## Work instruction:
In the data below, find each line containing the string "Leather" and return it.

## Task material:
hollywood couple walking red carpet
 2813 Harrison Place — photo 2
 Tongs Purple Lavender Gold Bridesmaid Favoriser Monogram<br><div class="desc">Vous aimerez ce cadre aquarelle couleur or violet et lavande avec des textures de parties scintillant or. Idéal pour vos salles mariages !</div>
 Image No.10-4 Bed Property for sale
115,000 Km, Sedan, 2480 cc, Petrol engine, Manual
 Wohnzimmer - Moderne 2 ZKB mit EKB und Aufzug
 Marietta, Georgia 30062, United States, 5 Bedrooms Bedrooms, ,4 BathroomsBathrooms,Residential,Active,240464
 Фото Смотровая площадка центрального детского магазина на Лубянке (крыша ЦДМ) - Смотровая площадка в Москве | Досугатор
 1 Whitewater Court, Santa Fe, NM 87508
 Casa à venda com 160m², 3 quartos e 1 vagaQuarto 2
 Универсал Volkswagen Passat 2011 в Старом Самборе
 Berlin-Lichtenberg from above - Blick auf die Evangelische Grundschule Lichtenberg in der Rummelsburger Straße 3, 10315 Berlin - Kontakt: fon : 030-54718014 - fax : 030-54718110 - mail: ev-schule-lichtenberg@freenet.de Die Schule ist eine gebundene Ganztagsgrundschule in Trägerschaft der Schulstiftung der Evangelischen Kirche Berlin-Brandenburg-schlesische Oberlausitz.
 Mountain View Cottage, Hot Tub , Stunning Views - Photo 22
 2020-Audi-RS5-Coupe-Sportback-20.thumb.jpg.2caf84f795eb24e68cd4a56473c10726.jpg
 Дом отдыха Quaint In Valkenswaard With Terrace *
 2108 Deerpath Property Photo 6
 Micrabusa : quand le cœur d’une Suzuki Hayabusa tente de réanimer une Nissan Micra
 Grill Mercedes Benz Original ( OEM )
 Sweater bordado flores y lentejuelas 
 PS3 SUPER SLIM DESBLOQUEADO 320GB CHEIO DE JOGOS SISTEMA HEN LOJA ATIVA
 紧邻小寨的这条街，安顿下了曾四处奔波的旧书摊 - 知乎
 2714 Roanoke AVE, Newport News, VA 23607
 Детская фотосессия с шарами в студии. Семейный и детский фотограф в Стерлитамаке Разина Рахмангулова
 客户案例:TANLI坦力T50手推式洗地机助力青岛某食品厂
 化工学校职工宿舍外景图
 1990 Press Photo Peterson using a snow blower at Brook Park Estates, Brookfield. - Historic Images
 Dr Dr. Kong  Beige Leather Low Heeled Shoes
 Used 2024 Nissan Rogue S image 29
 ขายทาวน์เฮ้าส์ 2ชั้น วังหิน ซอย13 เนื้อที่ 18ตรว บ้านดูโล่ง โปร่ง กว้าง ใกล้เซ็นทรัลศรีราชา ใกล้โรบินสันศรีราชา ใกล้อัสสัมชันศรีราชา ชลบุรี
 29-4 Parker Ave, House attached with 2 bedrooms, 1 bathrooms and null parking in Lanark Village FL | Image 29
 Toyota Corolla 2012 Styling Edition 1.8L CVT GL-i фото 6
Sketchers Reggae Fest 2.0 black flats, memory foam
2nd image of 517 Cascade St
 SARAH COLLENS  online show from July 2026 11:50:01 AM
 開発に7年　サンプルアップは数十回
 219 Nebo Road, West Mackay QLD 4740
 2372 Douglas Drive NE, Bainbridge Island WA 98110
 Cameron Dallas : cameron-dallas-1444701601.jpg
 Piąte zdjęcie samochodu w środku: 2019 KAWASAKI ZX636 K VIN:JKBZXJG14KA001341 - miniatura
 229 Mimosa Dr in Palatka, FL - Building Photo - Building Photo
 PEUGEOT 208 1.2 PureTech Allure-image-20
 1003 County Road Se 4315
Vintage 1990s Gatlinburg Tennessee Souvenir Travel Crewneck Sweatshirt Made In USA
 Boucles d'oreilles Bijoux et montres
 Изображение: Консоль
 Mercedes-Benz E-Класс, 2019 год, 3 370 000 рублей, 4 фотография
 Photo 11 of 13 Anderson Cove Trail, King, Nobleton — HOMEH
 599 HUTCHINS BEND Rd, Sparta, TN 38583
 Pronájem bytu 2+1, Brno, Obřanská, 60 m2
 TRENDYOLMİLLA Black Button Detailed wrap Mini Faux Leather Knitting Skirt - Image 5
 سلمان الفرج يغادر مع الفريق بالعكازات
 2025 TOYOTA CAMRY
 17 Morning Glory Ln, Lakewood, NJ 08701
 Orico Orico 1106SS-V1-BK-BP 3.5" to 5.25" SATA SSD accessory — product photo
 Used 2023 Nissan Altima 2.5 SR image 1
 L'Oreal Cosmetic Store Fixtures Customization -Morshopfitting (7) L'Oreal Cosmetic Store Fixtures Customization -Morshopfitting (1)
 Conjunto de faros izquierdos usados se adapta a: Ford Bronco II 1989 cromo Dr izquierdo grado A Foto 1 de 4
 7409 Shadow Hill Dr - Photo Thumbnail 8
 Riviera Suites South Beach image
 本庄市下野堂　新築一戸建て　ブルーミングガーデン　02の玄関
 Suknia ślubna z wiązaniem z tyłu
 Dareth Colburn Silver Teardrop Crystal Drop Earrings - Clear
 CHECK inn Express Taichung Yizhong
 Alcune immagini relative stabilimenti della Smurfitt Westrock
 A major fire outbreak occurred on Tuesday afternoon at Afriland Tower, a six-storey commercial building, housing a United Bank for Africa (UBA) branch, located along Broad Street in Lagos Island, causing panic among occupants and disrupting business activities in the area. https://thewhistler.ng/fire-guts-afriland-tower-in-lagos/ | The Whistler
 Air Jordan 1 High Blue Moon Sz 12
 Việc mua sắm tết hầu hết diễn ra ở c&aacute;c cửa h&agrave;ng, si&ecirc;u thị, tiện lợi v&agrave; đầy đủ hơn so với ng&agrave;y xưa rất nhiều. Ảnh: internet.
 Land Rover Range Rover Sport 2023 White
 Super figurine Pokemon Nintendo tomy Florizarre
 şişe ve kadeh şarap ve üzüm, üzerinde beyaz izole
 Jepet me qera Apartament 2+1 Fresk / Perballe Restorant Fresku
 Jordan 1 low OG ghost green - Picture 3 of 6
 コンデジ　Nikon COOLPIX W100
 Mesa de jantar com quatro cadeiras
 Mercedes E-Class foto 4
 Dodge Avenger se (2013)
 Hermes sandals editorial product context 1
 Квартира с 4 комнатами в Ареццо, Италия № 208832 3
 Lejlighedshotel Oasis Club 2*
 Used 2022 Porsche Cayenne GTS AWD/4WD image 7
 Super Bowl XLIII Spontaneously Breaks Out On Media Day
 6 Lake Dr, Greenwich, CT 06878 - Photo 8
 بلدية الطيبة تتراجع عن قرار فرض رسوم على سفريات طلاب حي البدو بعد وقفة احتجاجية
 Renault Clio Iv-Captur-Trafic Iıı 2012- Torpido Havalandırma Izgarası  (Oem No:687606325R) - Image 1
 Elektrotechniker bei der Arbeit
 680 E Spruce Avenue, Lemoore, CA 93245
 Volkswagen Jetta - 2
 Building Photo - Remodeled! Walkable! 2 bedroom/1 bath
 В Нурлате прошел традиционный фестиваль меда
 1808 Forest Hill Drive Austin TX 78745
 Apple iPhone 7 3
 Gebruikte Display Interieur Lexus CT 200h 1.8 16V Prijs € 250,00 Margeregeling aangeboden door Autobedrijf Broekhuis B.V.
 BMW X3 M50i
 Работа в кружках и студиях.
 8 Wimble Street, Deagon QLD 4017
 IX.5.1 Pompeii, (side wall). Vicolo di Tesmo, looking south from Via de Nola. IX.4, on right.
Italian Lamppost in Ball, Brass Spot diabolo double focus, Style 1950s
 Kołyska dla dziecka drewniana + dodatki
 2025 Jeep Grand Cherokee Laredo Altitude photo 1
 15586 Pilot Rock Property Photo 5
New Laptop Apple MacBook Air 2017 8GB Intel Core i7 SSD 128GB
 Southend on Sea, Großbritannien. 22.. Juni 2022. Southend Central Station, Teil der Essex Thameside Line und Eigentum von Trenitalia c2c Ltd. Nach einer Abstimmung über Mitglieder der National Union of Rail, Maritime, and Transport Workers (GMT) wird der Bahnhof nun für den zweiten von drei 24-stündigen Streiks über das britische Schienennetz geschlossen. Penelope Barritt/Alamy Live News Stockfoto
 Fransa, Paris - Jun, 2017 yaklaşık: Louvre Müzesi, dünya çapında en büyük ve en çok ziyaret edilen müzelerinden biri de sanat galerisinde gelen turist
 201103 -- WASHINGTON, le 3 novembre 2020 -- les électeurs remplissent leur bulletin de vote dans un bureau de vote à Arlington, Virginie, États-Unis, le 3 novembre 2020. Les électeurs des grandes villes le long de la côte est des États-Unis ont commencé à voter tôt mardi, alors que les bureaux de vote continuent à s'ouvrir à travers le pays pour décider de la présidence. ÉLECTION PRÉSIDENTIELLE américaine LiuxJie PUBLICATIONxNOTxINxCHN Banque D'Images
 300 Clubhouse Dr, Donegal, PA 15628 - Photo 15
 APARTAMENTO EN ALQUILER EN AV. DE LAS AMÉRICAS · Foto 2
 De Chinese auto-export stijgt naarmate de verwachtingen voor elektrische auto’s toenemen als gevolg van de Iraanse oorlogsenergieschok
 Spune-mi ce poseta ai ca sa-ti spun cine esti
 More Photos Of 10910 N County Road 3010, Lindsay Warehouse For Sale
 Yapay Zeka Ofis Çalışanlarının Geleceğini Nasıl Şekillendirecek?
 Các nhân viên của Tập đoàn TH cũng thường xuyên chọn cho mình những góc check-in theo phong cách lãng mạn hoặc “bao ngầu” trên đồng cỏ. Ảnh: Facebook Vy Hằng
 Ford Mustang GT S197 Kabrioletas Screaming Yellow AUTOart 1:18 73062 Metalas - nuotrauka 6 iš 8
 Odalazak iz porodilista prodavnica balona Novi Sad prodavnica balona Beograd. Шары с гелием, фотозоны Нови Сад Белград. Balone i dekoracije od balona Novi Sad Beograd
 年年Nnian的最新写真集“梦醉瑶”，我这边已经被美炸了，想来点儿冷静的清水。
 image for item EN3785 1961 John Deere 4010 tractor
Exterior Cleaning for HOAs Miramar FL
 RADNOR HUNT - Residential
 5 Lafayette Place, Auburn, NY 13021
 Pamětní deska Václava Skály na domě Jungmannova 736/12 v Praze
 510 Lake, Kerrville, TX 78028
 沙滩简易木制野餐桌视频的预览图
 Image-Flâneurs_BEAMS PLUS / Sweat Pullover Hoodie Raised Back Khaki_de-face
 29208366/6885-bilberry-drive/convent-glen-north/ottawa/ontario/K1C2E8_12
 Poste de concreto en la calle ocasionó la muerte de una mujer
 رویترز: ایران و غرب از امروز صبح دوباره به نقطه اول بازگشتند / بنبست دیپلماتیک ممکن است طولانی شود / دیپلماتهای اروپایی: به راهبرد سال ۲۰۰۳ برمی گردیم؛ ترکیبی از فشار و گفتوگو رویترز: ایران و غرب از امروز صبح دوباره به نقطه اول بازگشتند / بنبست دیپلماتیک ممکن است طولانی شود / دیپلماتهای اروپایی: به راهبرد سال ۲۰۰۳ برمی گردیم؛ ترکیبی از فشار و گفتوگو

## Answer box:
 Dr Dr. Kong  Beige Leather Low Heeled Shoes
 TRENDYOLMİLLA Black Button Detailed wrap Mini Faux Leather Knitting Skirt - Image 5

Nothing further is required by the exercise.